Myths & facts about Swiss Water Decaf Process decaffeinated coffee
Myth or Fact? You can't compete in barista competitions with decaf coffee?
Cole Torode, Canadian Barista Champion who placed third in the 2020 National Competition, presented Swiss Water Process Geisha in espresso and cappuccino formats with the goal of driving home decaf's flavour potential.
Myth or Fact? Decaf needs to be brewed differently from caffeinated coffee.
Because caffeine is soluble, and the Swiss Water Process removes caffeine, there is less to extract in decaffeinated coffee. So, decaf coffee roasted and brewed in the same fashion as non-decaf will have a lower resulting strength in the cup.
So, we recommend using a higher brew ration (more coffee to water) for decaf coffee.

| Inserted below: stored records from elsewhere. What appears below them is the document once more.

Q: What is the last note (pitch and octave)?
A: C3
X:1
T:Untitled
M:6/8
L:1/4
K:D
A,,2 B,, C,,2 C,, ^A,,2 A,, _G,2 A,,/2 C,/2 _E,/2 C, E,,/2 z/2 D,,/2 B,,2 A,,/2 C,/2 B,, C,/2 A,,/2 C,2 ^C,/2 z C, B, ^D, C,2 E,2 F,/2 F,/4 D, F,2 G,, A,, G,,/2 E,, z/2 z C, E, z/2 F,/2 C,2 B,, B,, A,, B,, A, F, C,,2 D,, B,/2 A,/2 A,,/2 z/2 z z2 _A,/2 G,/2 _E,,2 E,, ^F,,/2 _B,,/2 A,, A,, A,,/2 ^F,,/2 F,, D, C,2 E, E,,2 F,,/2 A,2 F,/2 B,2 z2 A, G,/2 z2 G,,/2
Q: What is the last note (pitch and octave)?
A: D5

Myth or Fact? The decaffeination process affects the moisture content of the green coffee.
Due to the hydration in every decaffeinaton method, decaf coffee needs to be re-dried. Thus decaf coffees will have a different moisture content than before they were processed.

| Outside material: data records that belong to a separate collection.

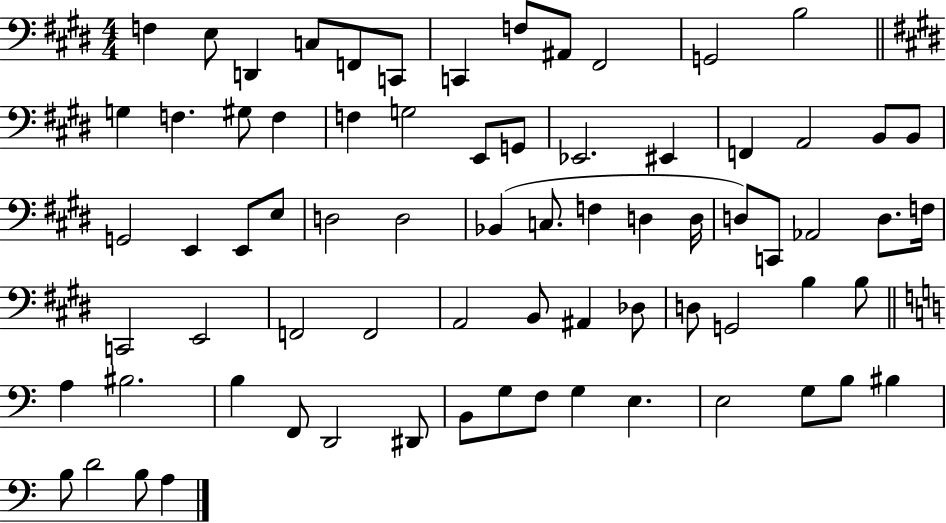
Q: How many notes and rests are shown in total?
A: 73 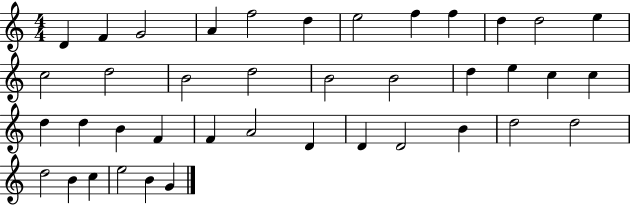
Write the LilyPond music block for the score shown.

{
  \clef treble
  \numericTimeSignature
  \time 4/4
  \key c \major
  d'4 f'4 g'2 | a'4 f''2 d''4 | e''2 f''4 f''4 | d''4 d''2 e''4 | \break c''2 d''2 | b'2 d''2 | b'2 b'2 | d''4 e''4 c''4 c''4 | \break d''4 d''4 b'4 f'4 | f'4 a'2 d'4 | d'4 d'2 b'4 | d''2 d''2 | \break d''2 b'4 c''4 | e''2 b'4 g'4 | \bar "|."
} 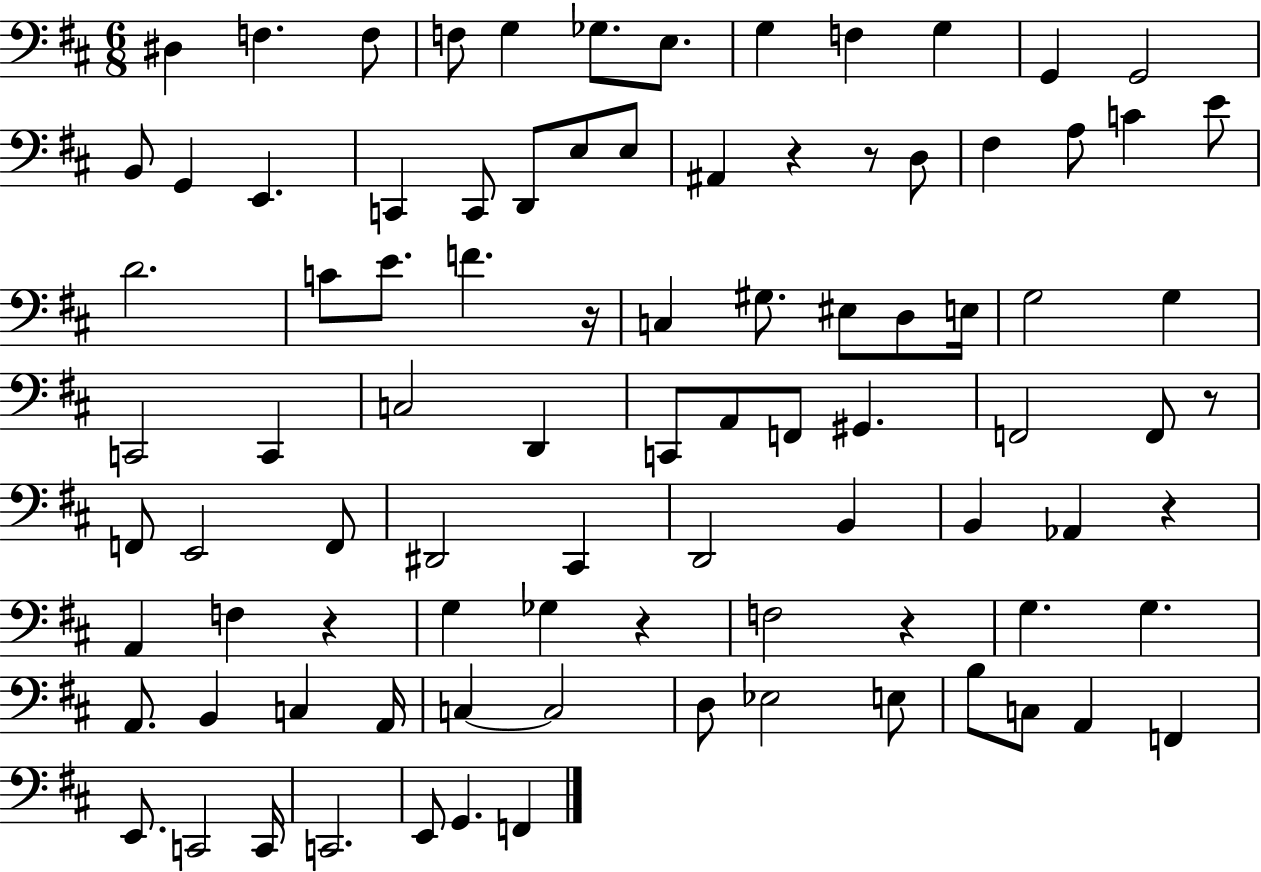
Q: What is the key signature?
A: D major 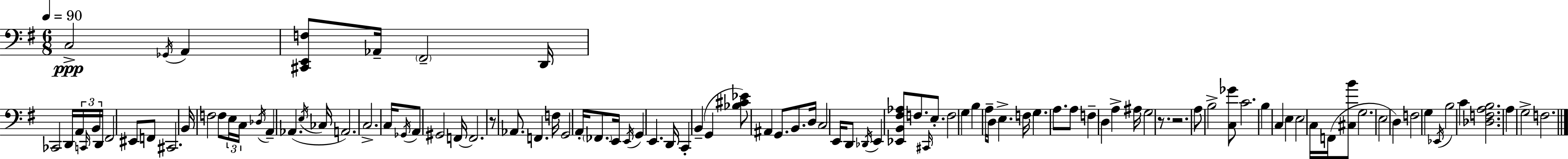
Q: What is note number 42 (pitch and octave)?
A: E2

Myth or Fact? Roast development affects the caffeine content of coffee.
In 2020, Swiss Water Decaf conducted an experiment roasting a coffee five times and measuring the caffeine content. They found no consistent trend relating roast style to caffeine content.

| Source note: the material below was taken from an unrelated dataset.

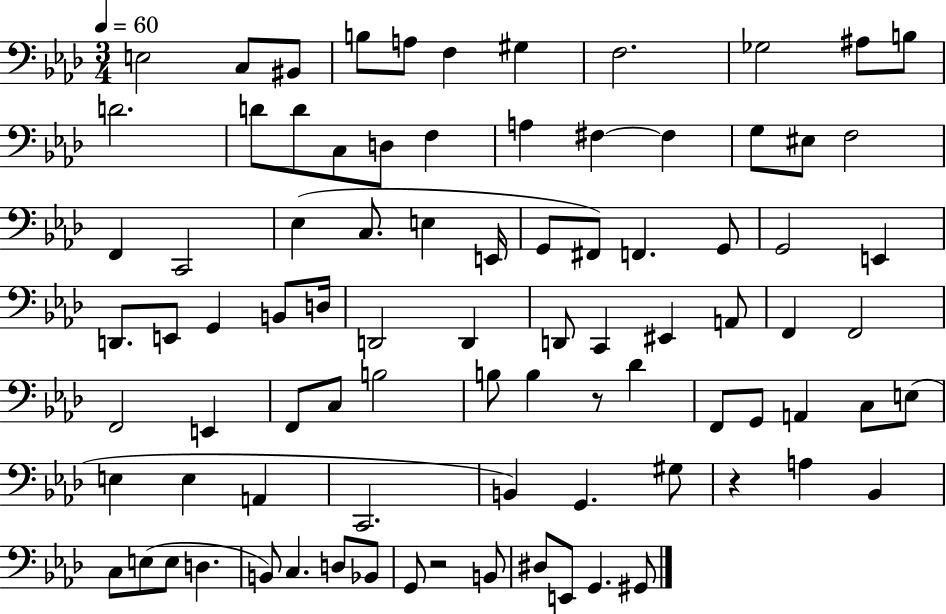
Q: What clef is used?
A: bass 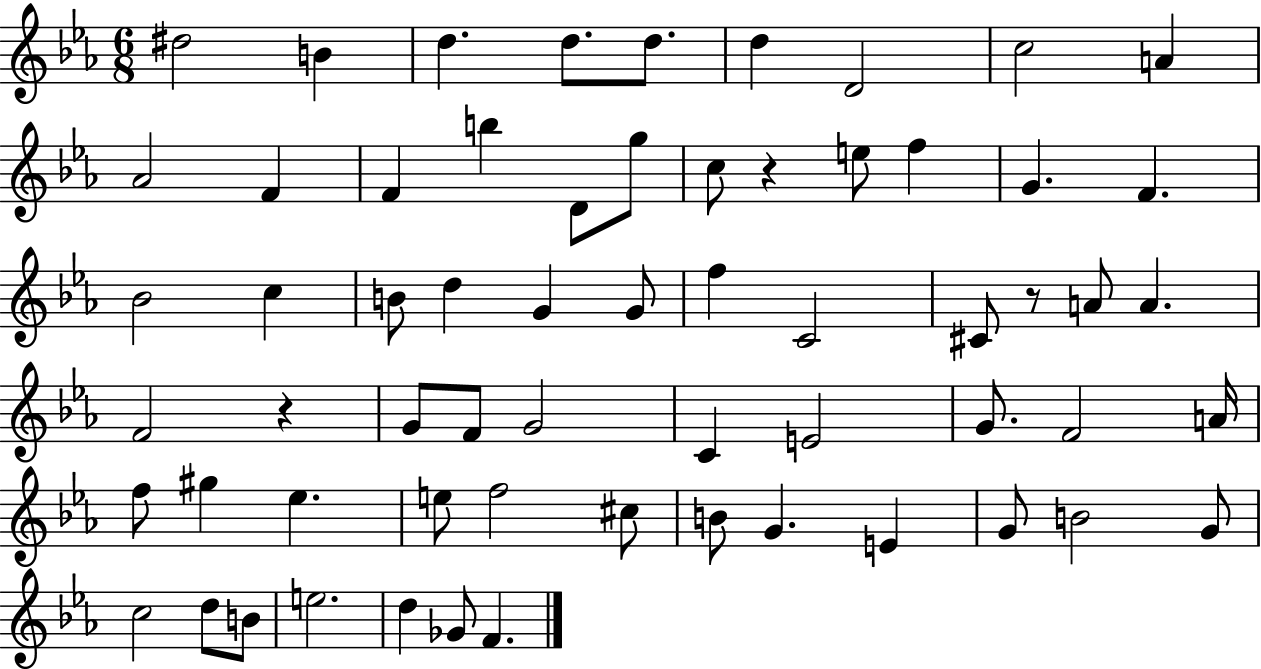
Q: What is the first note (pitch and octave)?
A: D#5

Myth or Fact? Roasting decaf is the same as roasting caffeinated coffee.
During the decaffeination process the cellular structure of the beans is changed, which is important to consider while roasting. This calls for a gentler approach in the roast process leading up to first crack. Some roasters opt for a shorter-than-average development time. Others go slower leading to first crack.